Mitate Lab.’ Sessions on Post Fukushima Studies
Organisation: Cécile Asanuma-Brice (CNRS) & Olivier Evrard (CEA)
for Mitate Lab. Post Fukushima Studies
JUNE 14th 9:00-11:00 (France) / 16:00-18:00 (Japan)
- 9:00-9:05 / 16:00-16:05 Introduction
- 9:05-9:35 / 16:05-16:35 :
Sociologist and assistant professor at emlyon business school, attached to the OCE (Organisations: Critical and Ethnographic Perspectives) research center
Fukushima and the politics of normalcy. How nuclear institutions deal with large-scale accidents
This talk will present V. Arnhold’s dissertation work on the politics of normalcy of nuclear accidents. She argues that normalcy represented the founding paradigm of the public policies in France – in interaction with European and international nuclear organizations – aiming to address the problem of nuclear accidents after Three Mile Island and Chernobyl. These politics led to the development of a set of organizations destined to regulate nuclear operations and produce knowledge on nuclear accidents. These politics of normalcy led to affirm and anchor – in discourse, texts, organizations, regulation, infrastructures – the idea that nuclear accidents are surmountable and ultimately acceptable events. They have also transformed the processes through which nuclear accidents become public events and affected the ways in which the Fukushima accident was dealt with in France and on the international level.

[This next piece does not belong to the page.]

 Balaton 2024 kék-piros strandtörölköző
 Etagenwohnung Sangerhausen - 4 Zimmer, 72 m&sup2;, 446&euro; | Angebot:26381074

- 9:35-10:05 / 16:35-17:05 :
Soil scientist and associate professor at Department of Life and Environmental Sciences, Kyoto Prefectural University. He studied minerals in soil as a key component of environmental health
Black sheet-like mineral prevents food contamination in Fukushima
This talk will introduce the importance of black sheet-like minerals in soils in Fukushima to prevent food from being contaminated by radiocesium. The name of this mineral is biotite, which is dominant in granitic bedrocks and their derivative soils. Biotite has dual roles concerning food protection; first is selective adsorption of radiocesium in the mineral cleavage, and second is the release of potassium which compete with radiocesium at the root surface. Without biotite in soils nor potassium fertilization, agriculture in eastern Fukushima might have had the higher potential risk of food contamination.
- 10:05-10:35 / 17:05-17:35 :
Florian GOLDMANN works in the fields of visual arts, artistic research and media theory. He studied Sculpture, Media Art and Experimental Film in Edinburgh, Athens and Berlin, graduating from Berlin University of the Arts in 2012. From 2014 to 2018 he was a fellow at the Research Training Centre ‘Visibility and Visualisation’ at Potsdam University. In 2019 he was an artist in residence in the residency program of Nakanojo Biennial, Japan as well as at Künstlerdorf Schöppingen, Germany.
Two miniature models of the damaged Fukushima power plant are taken as the starting point for a reflection on the means of defining, localizing and visualizing risk: one broadcast live on the Japanese public television channel NHK just after the 2011 Tōhoku earthquake and tsunami had hit the plant, the other crafted in the garage of a German retiree. Cross-hatched onto maps, risks can be approached deliberately, they can either be confronted or avoided. Yet, maps tend to take effect in one direction, that is, stemming from those in power – who are in the position to compile the map, and to decide what will be depicted and what precluded – onto the governed, who use the map, accept its depiction as given and thereby validate its claims to objectivity.